Eleanor Oldroyd (born in Bury, Lancashire, 2 June 1962) is a British sports broadcaster with BBC Radio.

Early life
Oldroyd was educated at Oxford High School and Girton College at Cambridge University.

Broadcasting career
Beginning her career in commercial radio, Oldroyd joined BBC Radio Shropshire as a Sports Producer in 1986 before moving to London in 1988.

She worked at Newsbeat and then at BBC Sport,  reporting and presenting on both Radio 5 and 5 Live.

She first hosted the Sunday afternoon sports show in 1993. In 1995, she became the first female presenter of Sports Report (since it started in 1948) when she stood in for Ian Payne.

She is a regular on 5 Live's Fighting Talk – known as the "First Lady of Fighting Talk" – and hosts several weekly 5 Live shows including Saturday Breakfast (with Chris Warburton), the evening 5 Live Sport programme and the Friday Sports Panel.

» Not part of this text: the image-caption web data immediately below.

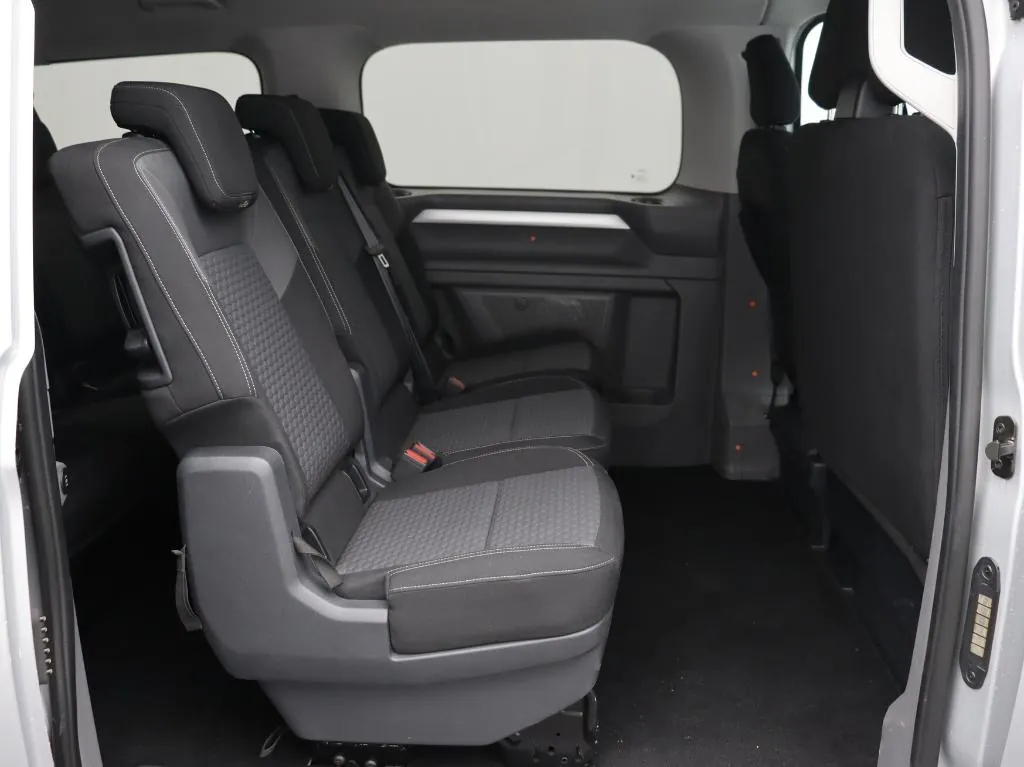 Volkswagen Caravelle 2025 photo 4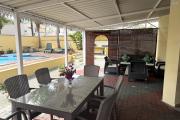 Flic en Flac – À louer grande villa de 5 chambres avec piscine, idéalement située à seulement 5 minutes à pied de la plage et des commerces.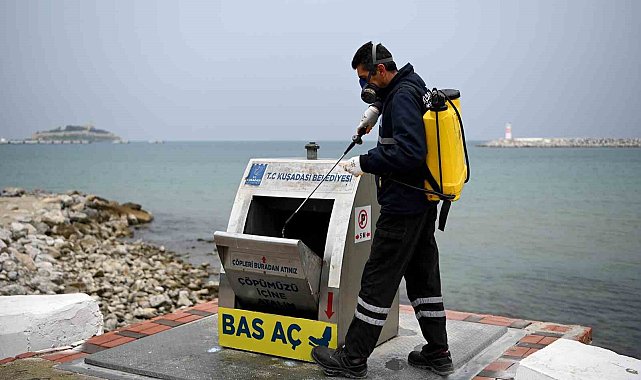 Kuşadası Belediyesi ilçe genelinde temizlik çalışmalarına devam ediyor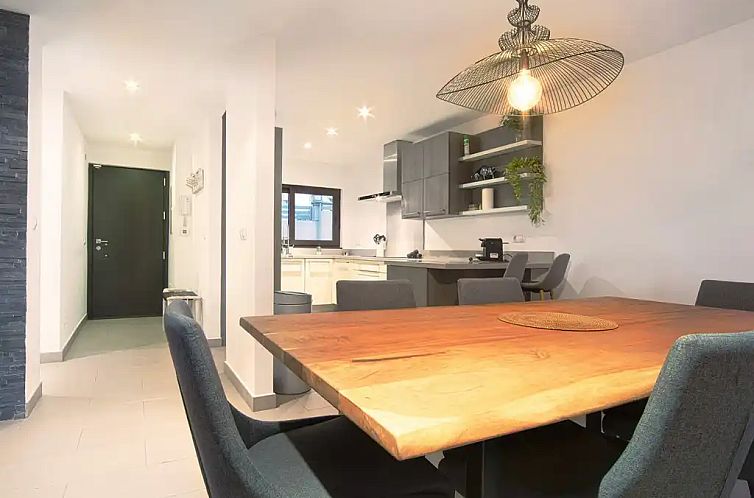 Modern Villa Costabella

She covers the Wimbledon tennis championships and was part of the Test Match Special team from 2000 to 2005.
 
She led the station's coverage of the 2014 Winter Olympics from Sochi.

She was named the Sports Journalists' Association Broadcast Presenter of the Year for 2014  and 2016 

Following the death of His Royal Highness, Prince Philip, Duke of Edinburgh, she led the coverage of his funeral, sat in a small, specially built studio above the high altar. She was the only reporter or broadcaster present in St Georges Chapel on the day of his funeral.

Personal life
Oldroyd was formerly married to fellow BBC sports presenter Nick Mullins and has two children.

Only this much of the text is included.